Each line of the listing where "about" appears should be reported.

● Given information:
=== Section Start ===

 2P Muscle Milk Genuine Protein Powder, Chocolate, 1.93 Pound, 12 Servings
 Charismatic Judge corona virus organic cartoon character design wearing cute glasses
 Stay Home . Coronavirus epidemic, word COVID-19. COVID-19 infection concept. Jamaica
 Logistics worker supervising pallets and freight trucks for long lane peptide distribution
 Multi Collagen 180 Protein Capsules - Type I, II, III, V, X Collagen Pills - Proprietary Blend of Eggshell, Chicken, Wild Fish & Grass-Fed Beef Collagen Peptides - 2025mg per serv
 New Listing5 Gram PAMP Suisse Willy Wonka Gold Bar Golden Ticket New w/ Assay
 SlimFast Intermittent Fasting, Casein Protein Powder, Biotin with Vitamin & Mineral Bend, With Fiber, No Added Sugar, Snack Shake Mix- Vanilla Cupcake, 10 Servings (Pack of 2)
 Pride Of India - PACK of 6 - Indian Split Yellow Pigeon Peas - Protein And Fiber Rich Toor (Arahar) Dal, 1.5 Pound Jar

=== Section End ===
=== Section Start ===

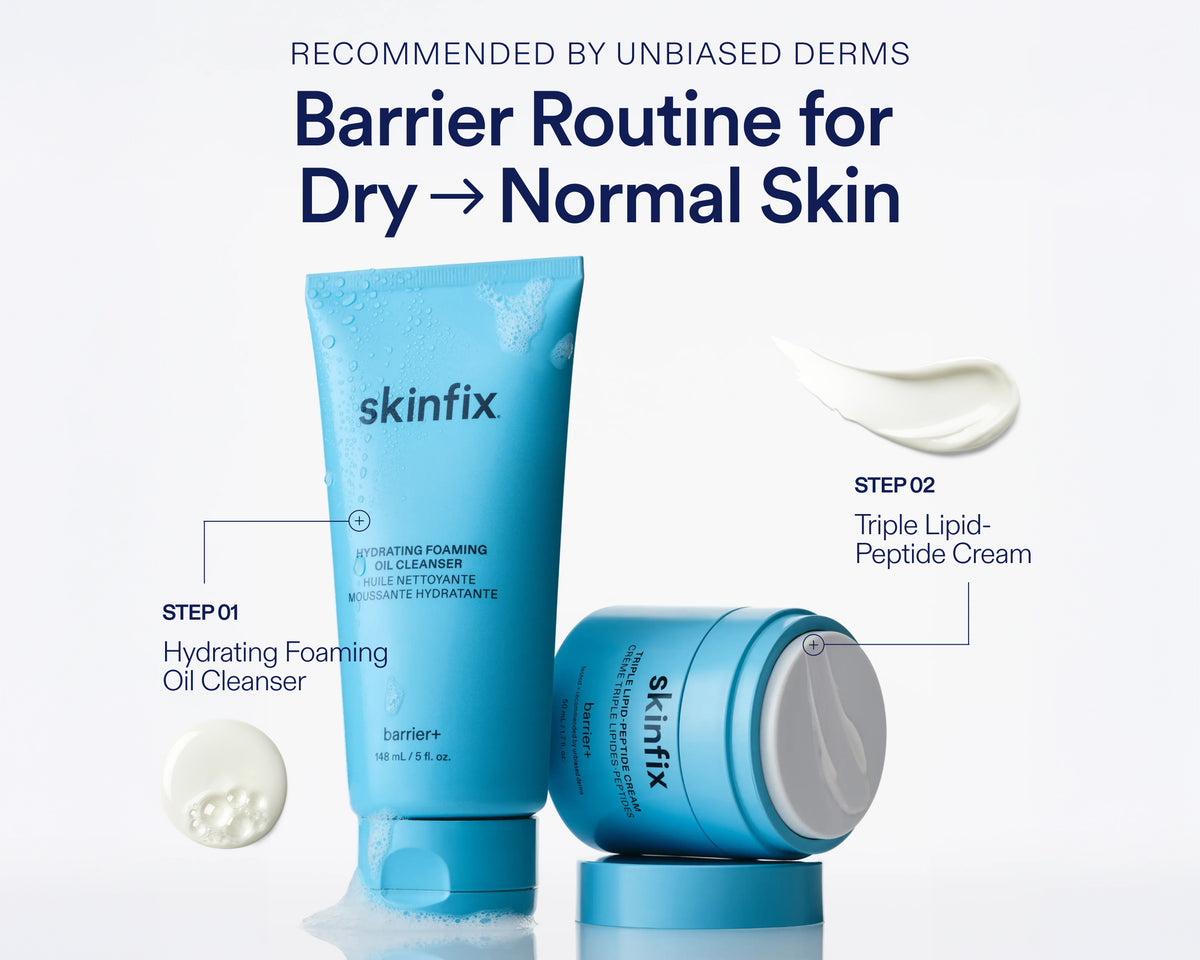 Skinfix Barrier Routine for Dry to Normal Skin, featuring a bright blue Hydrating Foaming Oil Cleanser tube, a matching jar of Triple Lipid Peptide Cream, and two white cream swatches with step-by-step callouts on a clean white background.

=== Section End ===
=== Section Start ===

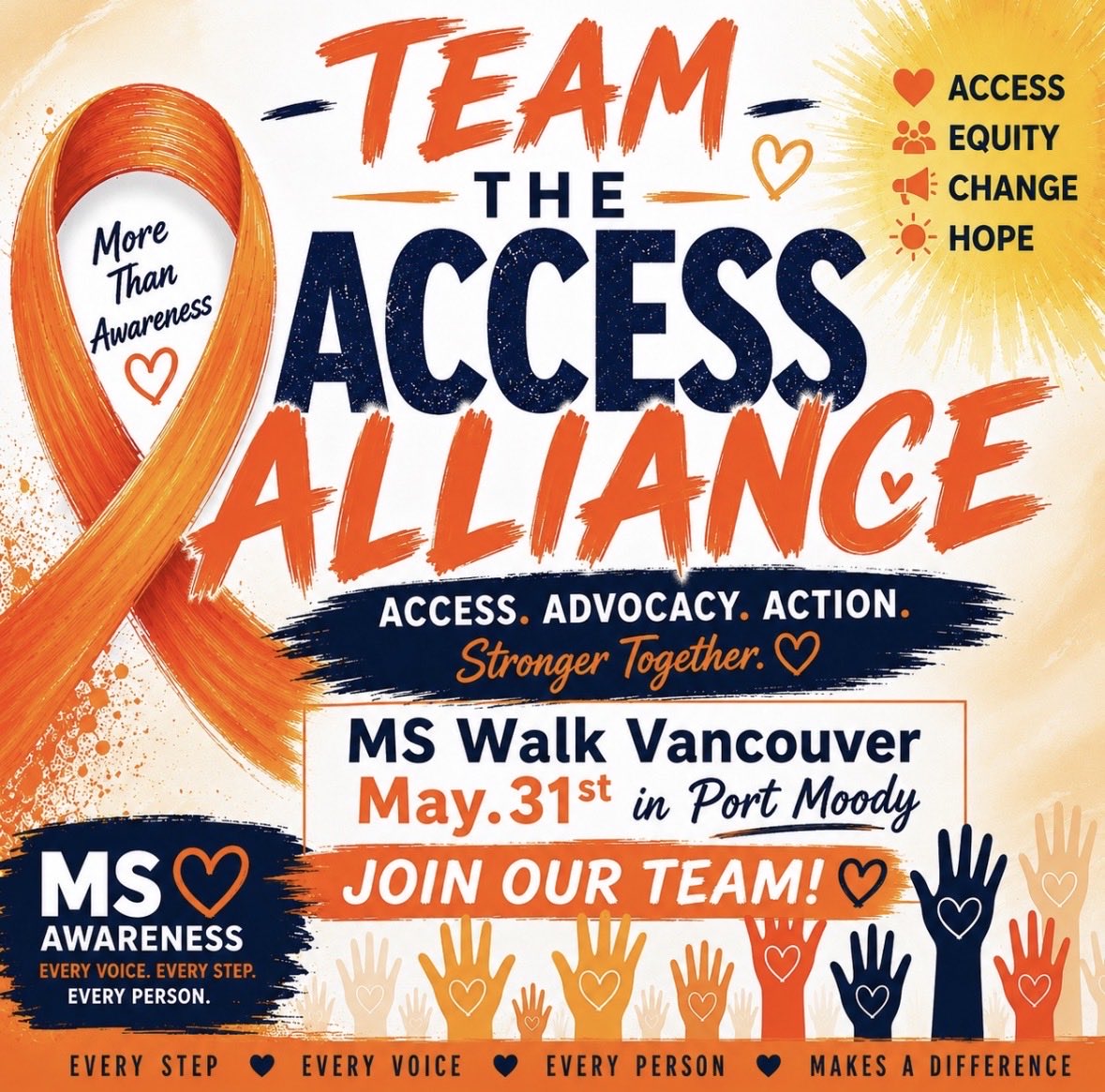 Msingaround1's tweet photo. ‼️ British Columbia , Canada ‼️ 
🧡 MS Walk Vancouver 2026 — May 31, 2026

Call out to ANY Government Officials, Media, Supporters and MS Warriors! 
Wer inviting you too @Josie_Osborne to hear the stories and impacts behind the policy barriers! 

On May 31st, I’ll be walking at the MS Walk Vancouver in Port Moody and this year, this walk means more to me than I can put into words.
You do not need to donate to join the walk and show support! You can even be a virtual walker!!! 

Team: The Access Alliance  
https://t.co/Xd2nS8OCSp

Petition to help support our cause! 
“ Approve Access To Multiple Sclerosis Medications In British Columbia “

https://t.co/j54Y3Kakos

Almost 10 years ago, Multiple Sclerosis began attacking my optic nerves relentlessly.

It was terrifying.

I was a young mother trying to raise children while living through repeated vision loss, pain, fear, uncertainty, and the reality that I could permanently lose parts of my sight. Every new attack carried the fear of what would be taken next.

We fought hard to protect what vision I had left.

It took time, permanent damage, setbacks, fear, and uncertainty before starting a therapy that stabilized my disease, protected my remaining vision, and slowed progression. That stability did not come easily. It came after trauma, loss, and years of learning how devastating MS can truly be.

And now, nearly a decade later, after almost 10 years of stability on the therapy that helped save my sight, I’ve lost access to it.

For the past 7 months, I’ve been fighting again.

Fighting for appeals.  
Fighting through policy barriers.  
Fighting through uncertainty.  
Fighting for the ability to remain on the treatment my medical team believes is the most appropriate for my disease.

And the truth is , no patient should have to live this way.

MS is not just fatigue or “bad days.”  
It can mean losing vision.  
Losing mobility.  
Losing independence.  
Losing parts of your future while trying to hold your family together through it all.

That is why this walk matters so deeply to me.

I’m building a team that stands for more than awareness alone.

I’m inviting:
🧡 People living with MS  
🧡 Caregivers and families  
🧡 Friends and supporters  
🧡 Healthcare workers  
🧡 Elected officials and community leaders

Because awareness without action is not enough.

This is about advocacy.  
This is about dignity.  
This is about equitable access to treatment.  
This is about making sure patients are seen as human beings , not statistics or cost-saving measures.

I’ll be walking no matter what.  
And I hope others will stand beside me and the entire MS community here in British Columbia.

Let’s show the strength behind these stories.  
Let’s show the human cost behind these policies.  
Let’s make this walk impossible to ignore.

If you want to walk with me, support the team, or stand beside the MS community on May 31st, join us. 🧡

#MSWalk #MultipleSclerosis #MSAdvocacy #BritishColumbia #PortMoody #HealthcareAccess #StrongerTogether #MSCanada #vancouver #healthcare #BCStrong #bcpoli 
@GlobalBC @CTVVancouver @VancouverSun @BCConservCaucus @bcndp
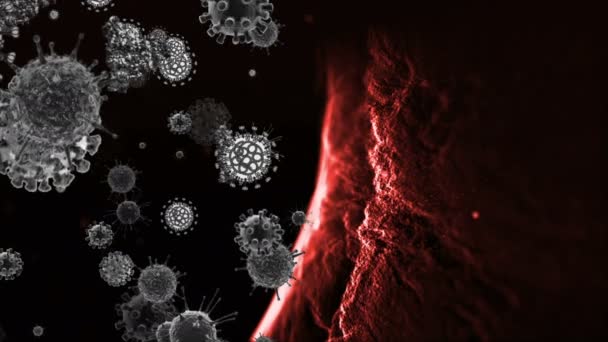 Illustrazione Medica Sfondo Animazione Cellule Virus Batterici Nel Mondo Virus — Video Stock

=== Section End ===

● Answer below:
This is about advocacy.  
This is about dignity.  
This is about equitable access to treatment.  
This is about making sure patients are seen as human beings , not statistics or cost-saving measures.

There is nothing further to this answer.